A propos de la chute de Moubarak
15/02/2011
J’écrivais ceci dans la journée de mercredi :
« Il est certain que les Etats-Unis ont lâché Moubarak, mais c’est un signe de faiblesse et non de force. Ils ne font plus l’événement, ils tentent de sauver les meubles. Dès lors que Moubarak était vacillant, il devenait gênant et il fallait penser à une solution de revanche.
Bien sûr, les Etats-Unis ont un moyen de pression sur l’armée égyptienne, laquelle bénéficie de subventions américaines. Comme ils ont lâché Moubarak, l’armée le lâchera aussi.
C’est la suite qui est difficile à prévoir. Probablement l’armée jouera-t-elle un rôle important. Sans doute jusqu’à imposer le successeur provisoire de Moubarak, peut-être jusqu’à faire un coup d’état si la situation devient trop instable. Quoi qu’il advienne, il faudra aussi compter avec le pouvoir de la rue, tant que des élections ouvertes n’ont pas eu lieu ou si ces élections se révèlent décevantes.
Bref, face à une rue qui a compris sa force, on voit mal les nouveaux gouvernants prendre une position trop ouvertement en faveur de la paix avec Israël. Par conséquent, on voit mal les Etats-Unis continuer longtemps de subventionner l’Egypte. S’ils ne le font pas, la situation économique, déjà mauvaise sous Moubarak, maintenant affaiblie par la baisse au moins provisoire du tourisme, va se dégrader rapidement.
Il en est qui sont prêts et n’attendent que cela. Ce sont les frères musulmans. Jusqu’ici ils se sont montrés remarquablement discrets. Si le chaos s’installe, ils prendront les rênes.
Comme le dit notre secrétaire général, les islamistes ont déjà gagné. Cela fait même un moment. On ne peut pas tenir un pays avec un dictateur vieillissant qui donne des gages à l’Occident. La stabilité en Egypte ne peut venir que de la volonté des Egyptiens. S’ils avaient une Europe forte comme modèle en face d’eux, non pas à imiter mais à concurrencer, peut-être chercheraient-ils des voies moins suicidaires que l’islamisme. »
Ce samedi, l’actualité s’est précipitée, mais ce que j’ai écrit reste essentiellement de mise. L’armée a joué un rôle déterminant, puisqu’elle prend le pouvoir provisoire, et, derrière elle, se dessine l’action des Etats-Unis, sans doute un peu trop prompts à démontrer qu’ils ont tiré les ficelles, jusqu’à annoncer un peu trop tôt l’issue.

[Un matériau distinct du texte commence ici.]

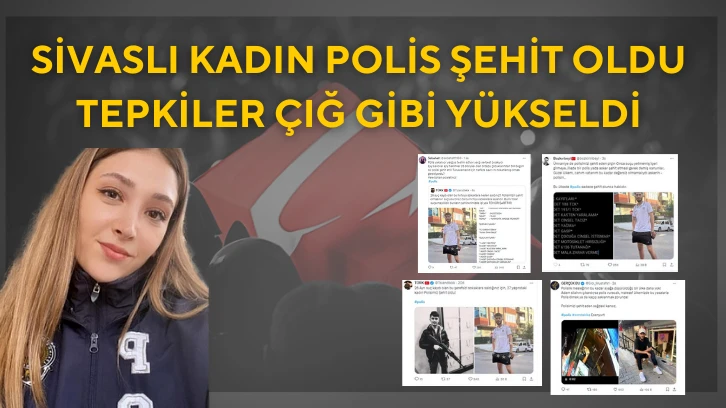 Sivaslı Kadın Polis Şehit Oldu, Tepkiler Çığ Gibi Yükseldi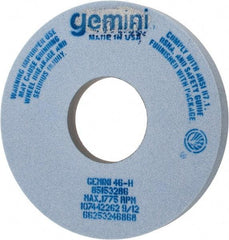 Norton - 14" Diam x 5" Hole x 1-1/2" Thick, H Hardness, 46 Grit Surface Grinding Wheel - Aluminum Oxide, Type 5, Coarse Grade, 1,775 Max RPM, One-Side Recess - Americas Industrial Supply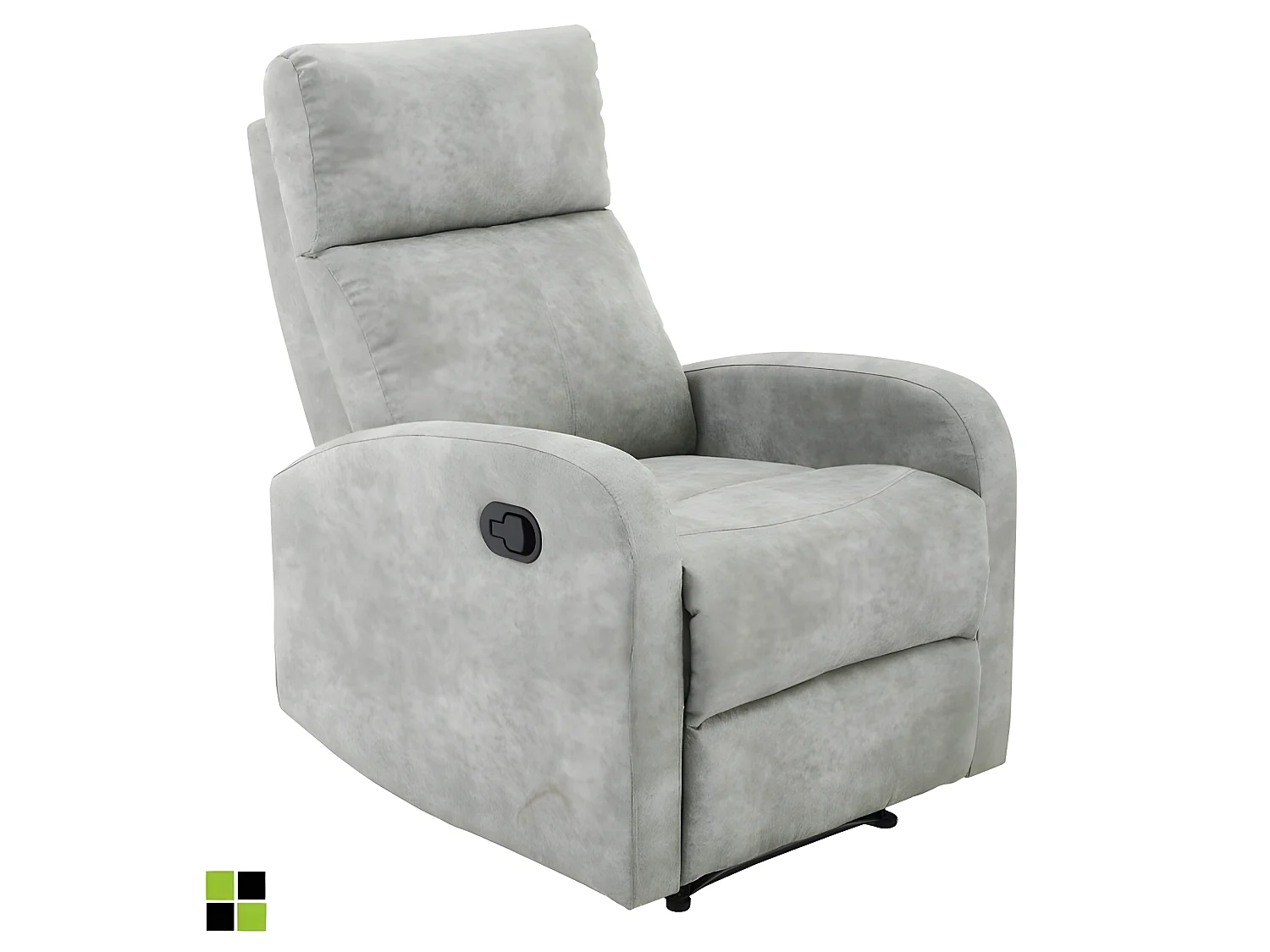 Sillón Relax reclinable -Tela Gris, 71x93x101 cm - TAVIRA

Pour le moment, la situation américaine est la moins mauvaise que le président Obama pouvait espérer. Cependant, si ce dernier s’en est à peu près correctement sorti, c’est avant tout parce qu’il a lâché Israël, ce à quoi ses prédécesseurs n’ont jamais voulu se résoudre, disposant alors de marges de manœuvre plus conséquentes. Aujourd’hui le moment est alors venu de commencer à en mesurer les conséquences.
Certes, il n’y aura pas de dénonciation prochaine du traité de paix avec Israël. Cependant la situation va se dégrader progressivement, comme les relations ente Israël et la Turquie depuis l’arrivée du parti d’Erdogan au pouvoir. Malgré une armée qui tient à la coopération militaire avec Israël, la Turquie a commencé à dénoncer les accords, montant par ailleurs une opération agressive pour briser le blocus de Gaza. Si la tension entre Israël et Gaza remontait, si l’état d’Israël organisait une nouvelle expédition punitive, l’Egypte resterait-elle sourde à l’appel des frères du Hamas ?
Que peut faire Israël ? La paix aussi vite que possible serait la meilleure solution, à condition que ce soit une paix viable pour tous, ne menaçant pas Israël à terme et permettant aux Palestiniens de s’émanciper vraiment. Qui peut les aider pour cela ? On ne voit plus et c’est là le problème.
Aussi étrange que cela puisse paraître, l’intérêt d’Israël est que les habitants des pays arabes voisins aient une vraie perspective d’avenir, qui les fasse davantage s’occuper de leur développement propre que de leurs griefs envers tous les autres. Pour cela, puisque les Etats-Unis ont abandonné la croyance en eux-mêmes, il faudrait au moins que les Européens en aient une de leur côté.
Si une Europe forte ne voit pas bientôt le jour, le monde va devenir de plus en plus dangereux pour tous. Pour les Européens bien sûr, mais aussi pour tous les autres.